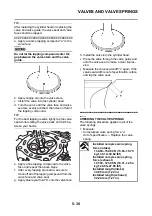 Предварительный просмотр 243 страницы Yamaha Wolverine YX70EPNG Service Manual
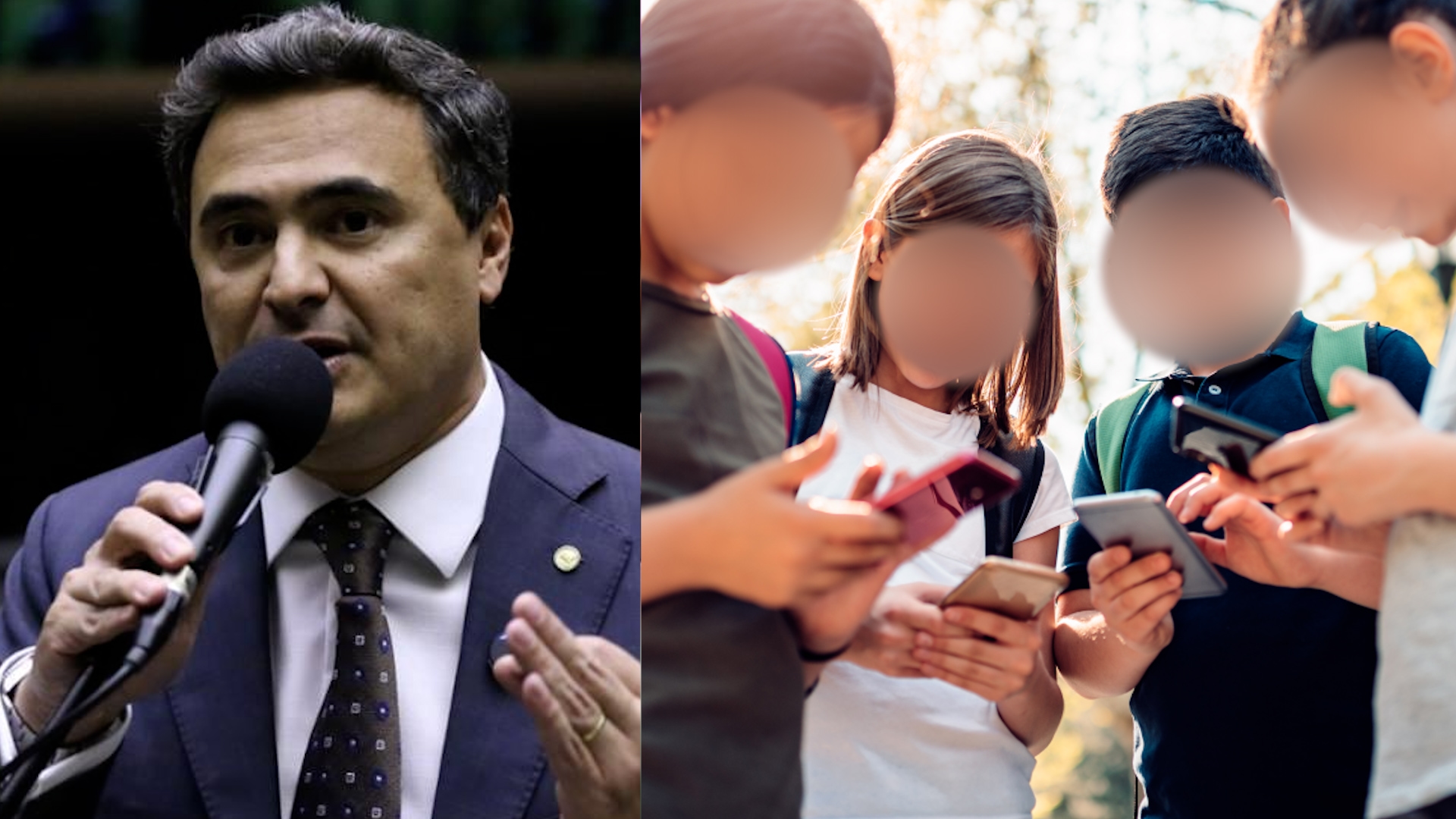 Deputado propõe proibir redes sociais para menores de 16 anos no Brasil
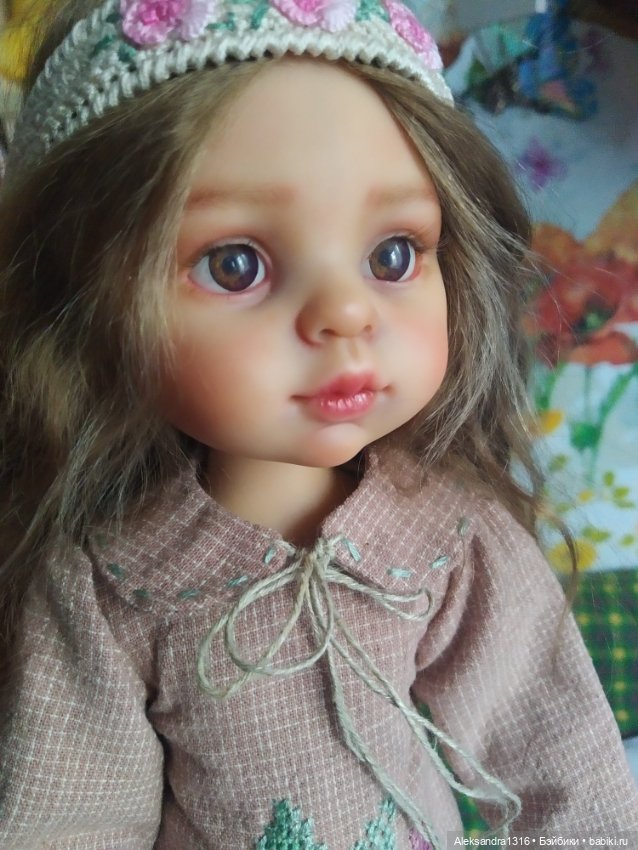Лиза и утро☀️ — Куклы Paola Reina (Паола Рейна): новинки (фото 3)
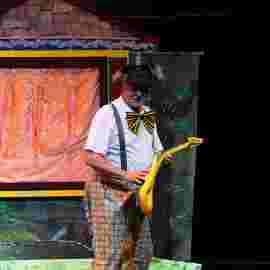 der wolf und die kleinen schweinchen, tredeschin theater, stuttgart
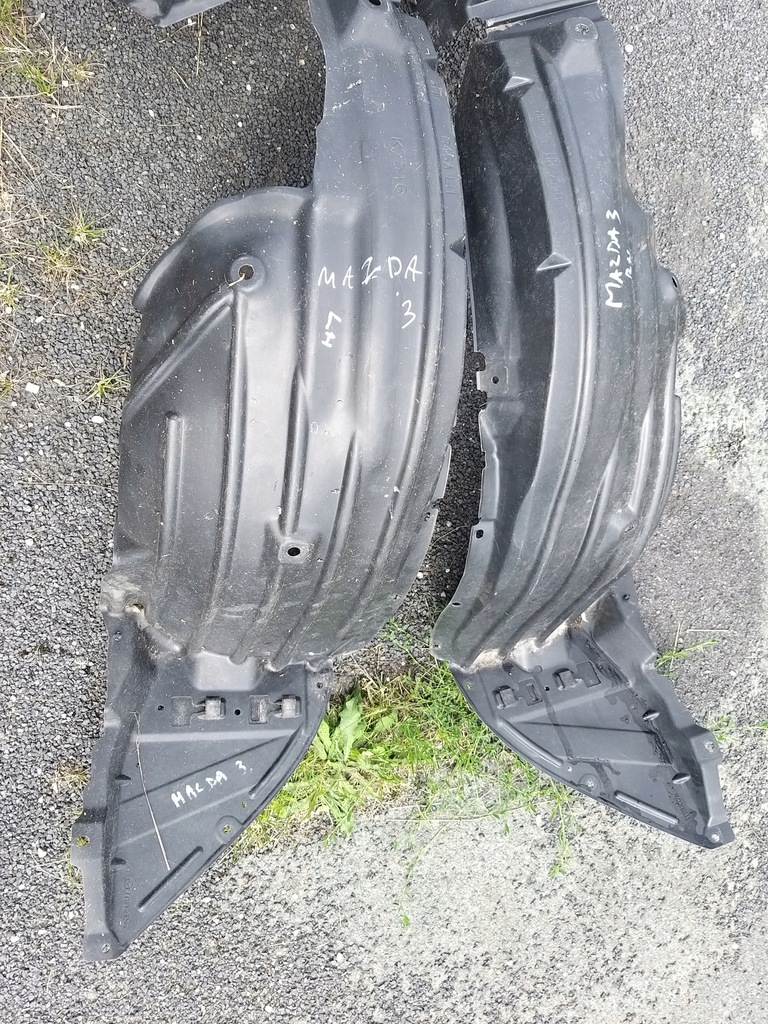 фото №3, Підкрилок підкрилок праве ліва mazda 3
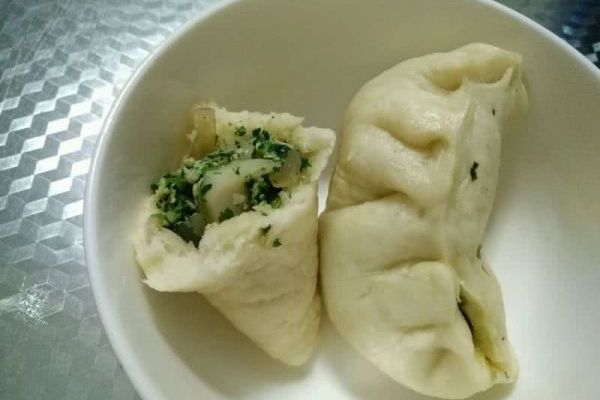 马苋菜包子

────────────────────

## Work to complete
Your task is to copy word for word the lines from the line containing "Deputado propõe proibir" to the end of the listing, both included, and to drop any pictures.

## Task output
 Deputado propõe proibir redes sociais para menores de 16 anos no Brasil
Лиза и утро☀️ — Куклы Paola Reina (Паола Рейна): новинки (фото 3)
 der wolf und die kleinen schweinchen, tredeschin theater, stuttgart
 фото №3, Підкрилок підкрилок праве ліва mazda 3
 马苋菜包子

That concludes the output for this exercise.